Rather than being trained with a single specific purpose in mind, foundation models have fundamentally broad adaptability due to the quantity and diversity of the data that has been incorporated into the model.
For the model to be useful for a particular geospatial intelligence purpose, it must be further trained on data that is specific to that purpose. This final training, also known as fine-tuning, results in a model that relies on a broad understanding of geospatial patterns and features in order to perform a given task.

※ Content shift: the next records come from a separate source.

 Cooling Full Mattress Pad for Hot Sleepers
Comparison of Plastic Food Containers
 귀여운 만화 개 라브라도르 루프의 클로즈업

Because a foundation model has already been pre-trained, it can take significantly less time and fewer training samples to make it effective when compared to the amount of time and data that would be required to train a purpose-built model from scratch.
Fine-Tuned Model
Also sometimes referred to simply as a Model. It is a foundation model that has been additionally trained on annotated data.The OlmoEarth platform provides a tool to easily upload or create annotated data, the infrastructure to fine-tune the model, and model itself. Once a model has been fine-tuned. It can be run on a given Area to produce a result, also referred to as a prediction.
OlmoEarth Concepts
Model Run
This represents the process of running a fine-tuned model on a target as defined by an Area of Interest. For example, a model may be run on a given region in order to determine the types of crops that are growing there. When the run has completed, it will produce a prediction.

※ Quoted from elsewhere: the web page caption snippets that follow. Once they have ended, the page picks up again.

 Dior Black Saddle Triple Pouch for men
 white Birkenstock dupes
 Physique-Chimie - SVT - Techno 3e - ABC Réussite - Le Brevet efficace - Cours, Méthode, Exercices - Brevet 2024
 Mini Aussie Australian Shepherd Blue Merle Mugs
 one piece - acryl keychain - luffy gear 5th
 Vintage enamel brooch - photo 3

Due to the amount of data and computation involved in a model run, it can take hours for the request to complete. Using the OlmoEarth Studio and API, you can monitor the progress of the model run as it completes.
Prediction
A Prediction is the output of a Model Run in the OlmoEarth Studio.
Project
A project encompasses all of the datasets, annotations, labels, fine-tuned models, predictions, and prediction results for a given geospatial intelligence task.
Area of Interest
Defines a specific geospatial region (as specified by a GeoJSON Polygon or MultiPolygon) with a start time and an end time. For example, the region might include the greater Seattle area from December 21st 2014 to January 21st, 2015.
Annotation
An annotation is a unit of ground truth that is used to fine-tune a model. In OlmoEarth it can be a point, polygon, or line and is associated with a collection of Metadata that provides further elaboration and detail to the model. For example, if a model is being fine-tuned to identify trees, an annotation might identify an individual tree with a point on the map, along with the species, height, age, and any other relevant data.
Metadata
The textual data associated with the point or polygon in an annotation. Metadata might be a Tag, string, boolean, or numerical data.
Tag
A type of textual metadata that can be added to an annotation. Tags are defined in advance, and annotators can choose which tags to add to the annotation. If creating an annotation that identifies a tree, the annotating user might be given the option to choose from a list of tags that contain species of trees.
Task
In the OlmoEarth platform, a task is a collection of annotations to be completed. It will typically define a rectangular region. In order to complete the task, a user would complete one mor more annotations within the boundaries of the region defined by the task.
Dataset
In the OlmoEarth platform, a Dataset is a collection of Tasks. The Dataset can be created by defining a geospatial region which will then be divided into a grid of sub-regions, one for each Task.
If you already have annotation data and would like to upload it directly instead of manually entering it in the OlmoEarth platform, you can structure it as a CSV or GeoJSON and upload it to automatically create a dataset with pre-populated annotations.